◆ Short text fragments from websites:
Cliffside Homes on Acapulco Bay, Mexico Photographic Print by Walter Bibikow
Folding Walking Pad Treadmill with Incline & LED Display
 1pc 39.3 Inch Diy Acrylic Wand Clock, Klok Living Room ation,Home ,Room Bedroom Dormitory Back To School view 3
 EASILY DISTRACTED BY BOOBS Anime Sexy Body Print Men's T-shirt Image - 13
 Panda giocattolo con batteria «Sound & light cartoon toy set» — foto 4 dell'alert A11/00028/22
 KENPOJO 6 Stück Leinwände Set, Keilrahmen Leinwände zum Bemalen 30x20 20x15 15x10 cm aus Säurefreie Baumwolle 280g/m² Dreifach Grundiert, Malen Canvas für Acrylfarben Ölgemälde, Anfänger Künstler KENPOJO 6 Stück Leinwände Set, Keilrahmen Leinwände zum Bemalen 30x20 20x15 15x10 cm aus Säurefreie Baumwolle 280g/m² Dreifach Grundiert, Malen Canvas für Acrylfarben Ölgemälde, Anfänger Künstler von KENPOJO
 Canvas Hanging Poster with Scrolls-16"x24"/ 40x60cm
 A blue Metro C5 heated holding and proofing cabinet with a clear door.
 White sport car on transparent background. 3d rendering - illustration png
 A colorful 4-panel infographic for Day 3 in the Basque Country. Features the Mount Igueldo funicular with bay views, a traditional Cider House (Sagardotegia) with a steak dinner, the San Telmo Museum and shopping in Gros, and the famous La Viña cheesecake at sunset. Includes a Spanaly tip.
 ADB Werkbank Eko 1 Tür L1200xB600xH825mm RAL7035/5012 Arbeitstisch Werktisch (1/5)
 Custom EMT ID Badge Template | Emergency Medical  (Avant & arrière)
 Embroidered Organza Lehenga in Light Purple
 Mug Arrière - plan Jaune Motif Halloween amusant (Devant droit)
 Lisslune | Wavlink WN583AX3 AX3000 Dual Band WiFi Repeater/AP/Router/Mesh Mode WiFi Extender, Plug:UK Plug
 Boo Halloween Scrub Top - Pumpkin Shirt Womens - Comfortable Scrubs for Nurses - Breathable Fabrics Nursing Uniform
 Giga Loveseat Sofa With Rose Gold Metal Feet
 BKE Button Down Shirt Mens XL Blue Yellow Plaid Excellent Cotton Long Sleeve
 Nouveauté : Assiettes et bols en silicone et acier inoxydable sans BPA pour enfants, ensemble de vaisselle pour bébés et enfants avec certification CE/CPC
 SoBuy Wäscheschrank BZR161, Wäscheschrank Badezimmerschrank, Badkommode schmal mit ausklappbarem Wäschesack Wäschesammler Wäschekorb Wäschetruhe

◆ YOUR TASK: Your output should be the lines from the one with "Nouveauté : Assiettes" through the end of the records above, copied exactly.

◆ ANSWER TO THE EXERCISE:
 Nouveauté : Assiettes et bols en silicone et acier inoxydable sans BPA pour enfants, ensemble de vaisselle pour bébés et enfants avec certification CE/CPC
 SoBuy Wäscheschrank BZR161, Wäscheschrank Badezimmerschrank, Badkommode schmal mit ausklappbarem Wäschesack Wäschesammler Wäschekorb Wäschetruhe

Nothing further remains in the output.